I purchased a car for my daughter a while back. I have had some good experience with used car dealers, but this experience was not so good. The first mistake I made was taking someone's word for something just because I know them. I bought a 1995 Audi A6, which was immaculate on the outside and inside. Mechanically, the only issue I first had was a noise that it was making on the passenger front wheel, which I thought was a bearing problem.To make a long story short, it has had a few mechanical problems since that time. First the starter went awry and replacing that was a nightmare not even to be repeated. Then the car just died coming to a stop sign and we sat on the shoulder of the road for three hours waiting for AAA to send their roadside assistance, i.e., a dang tow truck.
The problem is the ignition switch. This should probably have been looked at when the starter burnt up because you had to manually return the key to the pre-start position or the starter would just keep engaging. Anyway the switch finally died. Never having worked on foreign cars before, I figured I ought to own a repair manual of my very own, or the library would get mad since I would perpetually have their copy!
Now that was an experience in web shopping! Try to find a repair manual for this Audi car. Now I am an older fellow, and owning a repair manual on CD just isn't my idea of a good thing. I want to have the damn thing OPEN in front of me when I am figuring out these diagrams and so forth...not have to run back in the house to look up each thing as I go!
The only book form of these I found was a three volume set that cost $250! There were some on-line manuals and CD manuals. I finally settled for a manual on CD that came a couple days later.
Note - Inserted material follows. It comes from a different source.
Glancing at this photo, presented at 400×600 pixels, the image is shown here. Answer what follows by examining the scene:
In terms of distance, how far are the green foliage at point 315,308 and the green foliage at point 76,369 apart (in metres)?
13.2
I was pleased with the purchase and couldn't wait to try it out. I put the CD in the drive and it made me register the product and so forth. Some of this I find very irritating. I finally got it all installed and activated, and I still couldn't see any information!
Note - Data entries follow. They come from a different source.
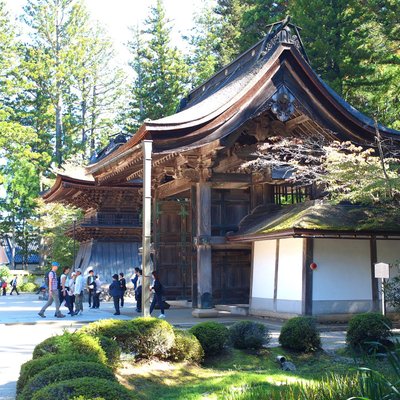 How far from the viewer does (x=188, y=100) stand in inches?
1050

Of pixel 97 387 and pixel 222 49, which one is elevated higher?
pixel 222 49

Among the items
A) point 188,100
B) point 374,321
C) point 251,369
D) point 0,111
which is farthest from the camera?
point 0,111

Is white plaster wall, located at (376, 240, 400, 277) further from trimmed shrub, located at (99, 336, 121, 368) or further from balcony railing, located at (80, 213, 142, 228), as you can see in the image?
balcony railing, located at (80, 213, 142, 228)

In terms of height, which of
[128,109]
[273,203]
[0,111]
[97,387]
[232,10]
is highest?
[232,10]

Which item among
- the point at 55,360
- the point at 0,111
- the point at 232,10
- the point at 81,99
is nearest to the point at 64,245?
the point at 0,111

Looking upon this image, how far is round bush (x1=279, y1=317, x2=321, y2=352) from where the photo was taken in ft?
36.8

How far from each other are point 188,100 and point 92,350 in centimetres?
1960

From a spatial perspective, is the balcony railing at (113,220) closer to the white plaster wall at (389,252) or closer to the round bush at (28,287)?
the round bush at (28,287)

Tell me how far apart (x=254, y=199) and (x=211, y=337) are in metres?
11.5

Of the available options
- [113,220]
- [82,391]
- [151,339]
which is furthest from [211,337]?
[113,220]

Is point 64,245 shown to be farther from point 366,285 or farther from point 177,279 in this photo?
point 366,285

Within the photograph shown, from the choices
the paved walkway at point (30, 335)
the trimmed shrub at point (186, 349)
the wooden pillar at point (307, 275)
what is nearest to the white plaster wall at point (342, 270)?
the wooden pillar at point (307, 275)

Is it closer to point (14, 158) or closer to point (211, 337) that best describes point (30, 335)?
point (211, 337)

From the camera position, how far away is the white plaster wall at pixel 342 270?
17156mm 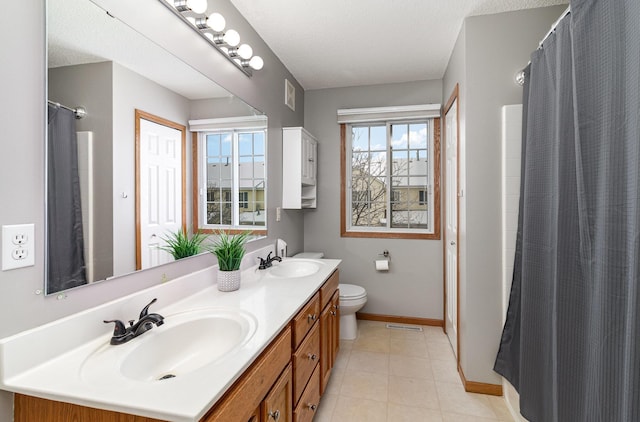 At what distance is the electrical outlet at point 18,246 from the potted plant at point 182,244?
48 cm

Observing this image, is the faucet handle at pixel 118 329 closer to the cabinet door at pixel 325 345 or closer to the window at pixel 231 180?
the window at pixel 231 180

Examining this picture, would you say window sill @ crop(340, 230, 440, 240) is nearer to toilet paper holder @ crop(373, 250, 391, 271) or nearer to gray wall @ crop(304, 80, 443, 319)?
gray wall @ crop(304, 80, 443, 319)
I called the customer service department for the CD manufacturer and got a big fat runaround, since they weren't going to give me any information without me registering my product online. I had, of course activated the product that I hand in my hand, but that wasn't good enough. Finally after several attempts at registering, he finally put my name in the records and figured out I needed to talk to someone else.
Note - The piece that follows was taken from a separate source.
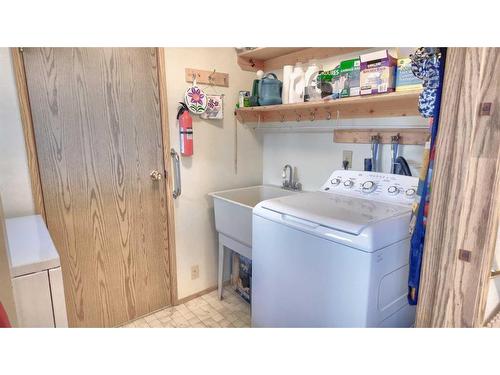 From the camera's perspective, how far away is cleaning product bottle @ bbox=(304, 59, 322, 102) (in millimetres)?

The final person I talked to explained that I needed to go to the download center and download the missing information for the CD. Now why buy the damn CD if it doesn't have all the information on it that you bought? I tried to download their "reader" update, which of course didn't respond. I got frustrated and quit with it for the day. So now I have the handy CD here and an unresponsive download that refuses to get off my computer. Why can't the manufacturer of the auto just make a repair manual that you can buy. Why does everything have to be so difficult?